TASK BRIEF>
Although the records contain pictures, only their text should be reproduced, exactly as written.

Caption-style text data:
———

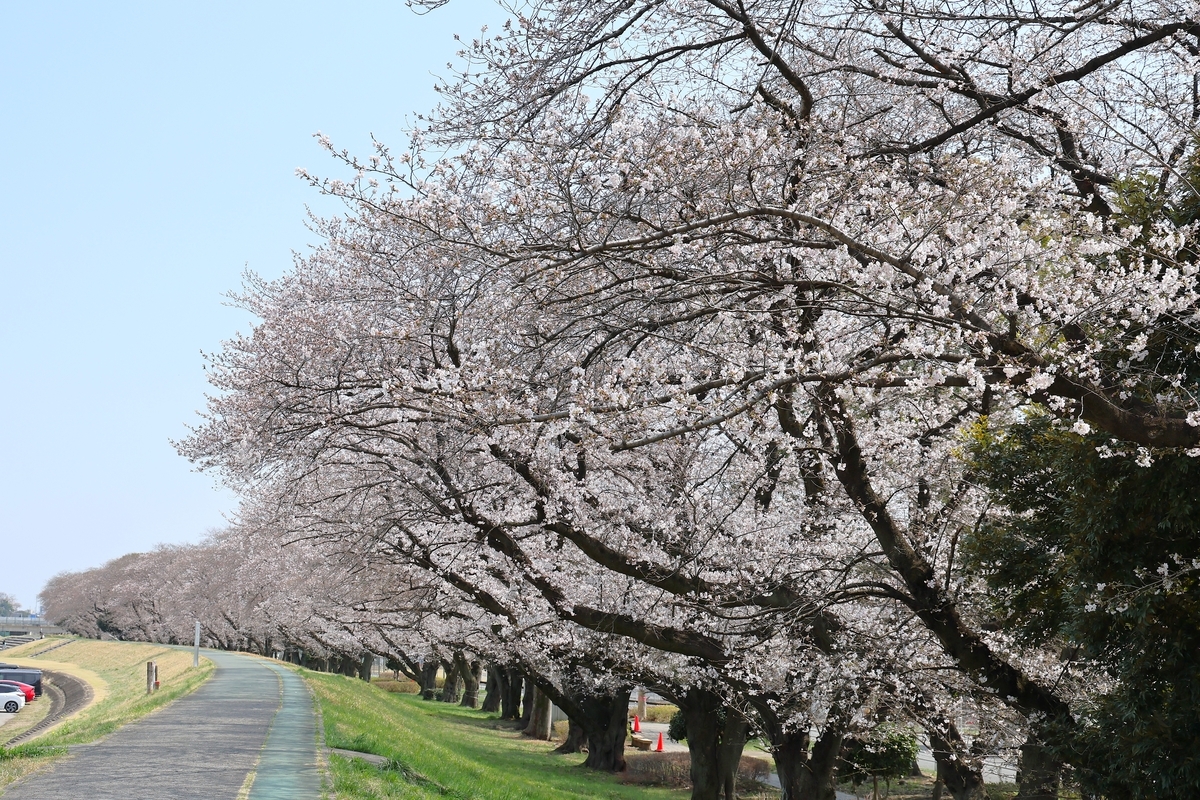 乗附緑道の桜並木（高崎）・昨日は五分咲でした。 - ずっとこの空の下で2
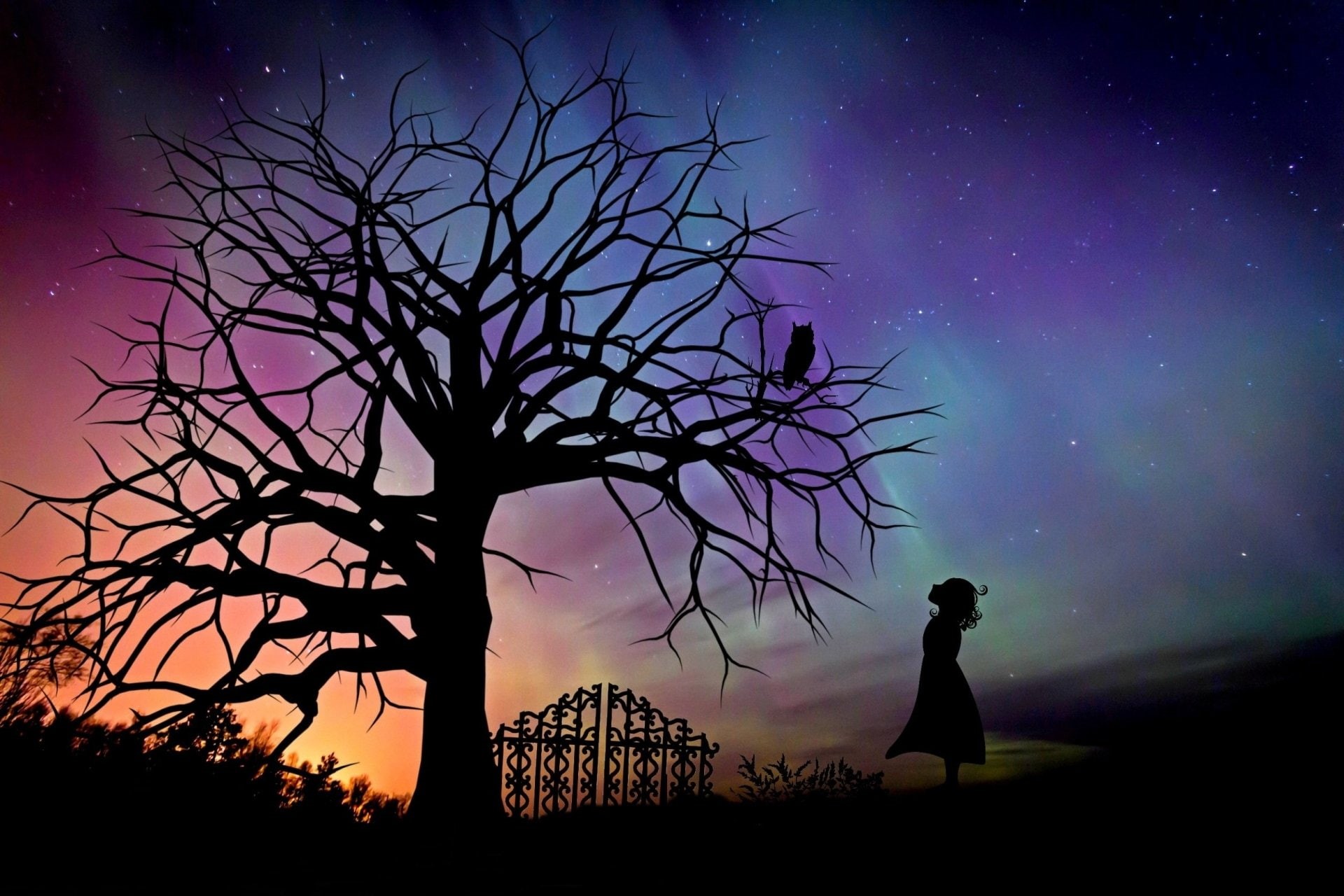 sky, Little Girl, Silhouette, beauty in nature, Owl, looking at view, scenics - nature, Girl, standing, nature, tranquil scene, leisure activity, plant, HD Wallpaper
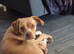Forever home wanted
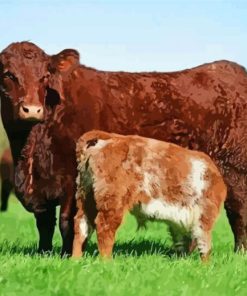 Shorthorns Paint By Number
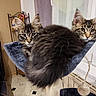cat, kitten, tabby, indoor, pet, feline, hammock, cat_bed, window, curious, fluffy, resting, cozy, fur, ears, eyes, animal, cute, companions, lounge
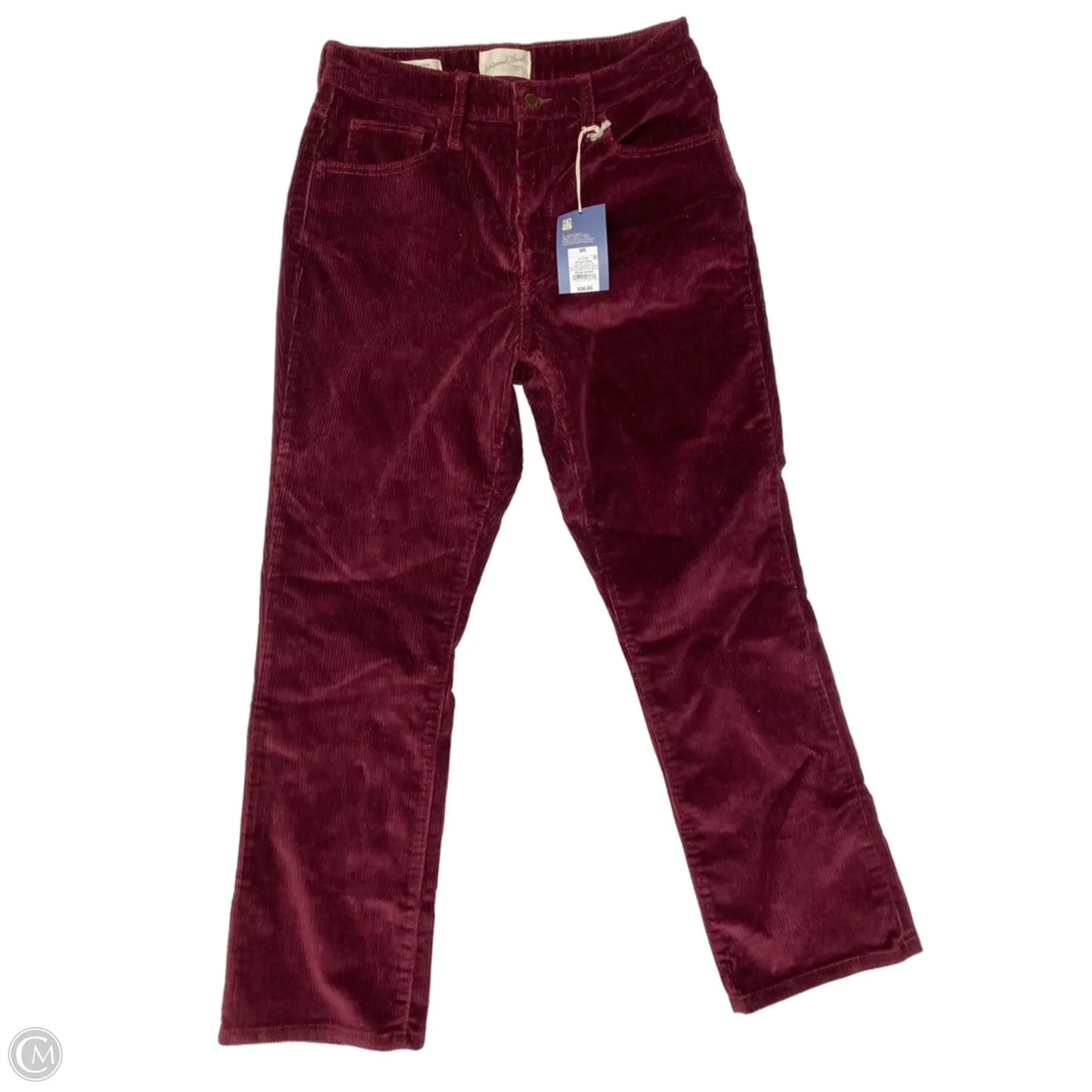 Pants Corduroy By Universal Thread In Maroon, Size: 8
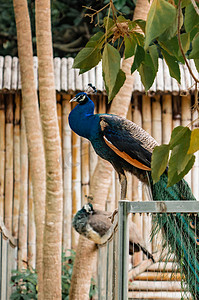 珍稀保护动物鸟类孔雀摄影图配图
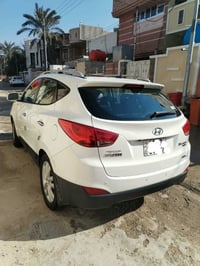 توسان • ٢٠١١ • وارد امريكي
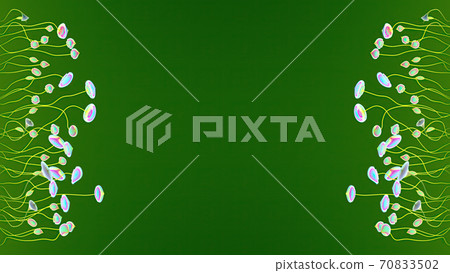 Floral Background. Colorful Flowers On Green Background 70833502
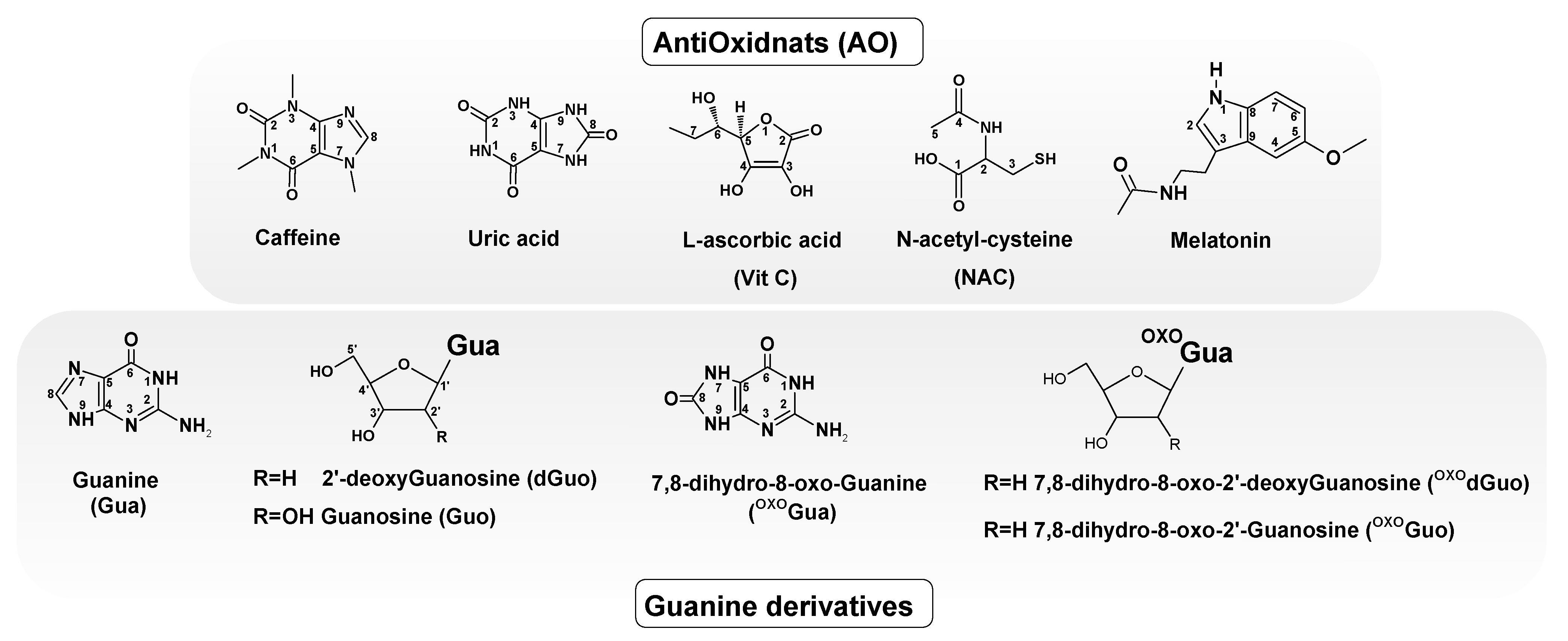 Molecules 29 05944 g002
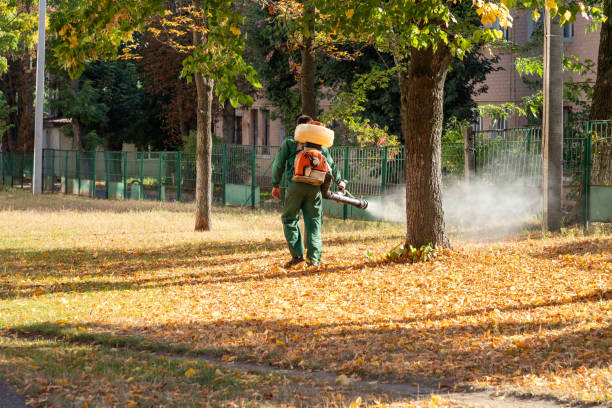 Best Best Pest Control Companies  in Edmore, MI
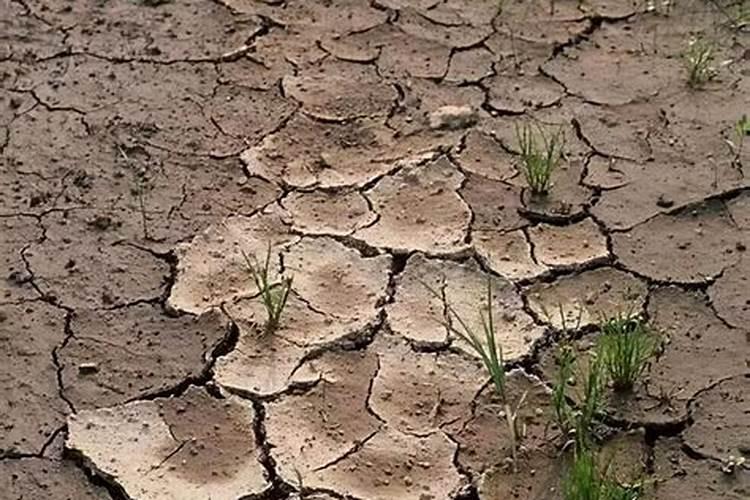 矿源黄腐酸钾对盐碱地有用吗？调节土壤冲施矿源一亩地多少用量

———

ANSWER BOX>
 乗附緑道の桜並木（高崎）・昨日は五分咲でした。 - ずっとこの空の下で2
 sky, Little Girl, Silhouette, beauty in nature, Owl, looking at view, scenics - nature, Girl, standing, nature, tranquil scene, leisure activity, plant, HD Wallpaper
Forever home wanted
 Shorthorns Paint By Number
cat, kitten, tabby, indoor, pet, feline, hammock, cat_bed, window, curious, fluffy, resting, cozy, fur, ears, eyes, animal, cute, companions, lounge
 Pants Corduroy By Universal Thread In Maroon, Size: 8
 珍稀保护动物鸟类孔雀摄影图配图
 توسان • ٢٠١١ • وارد امريكي
 Floral Background. Colorful Flowers On Green Background 70833502
 Molecules 29 05944 g002
 Best Best Pest Control Companies  in Edmore, MI
 矿源黄腐酸钾对盐碱地有用吗？调节土壤冲施矿源一亩地多少用量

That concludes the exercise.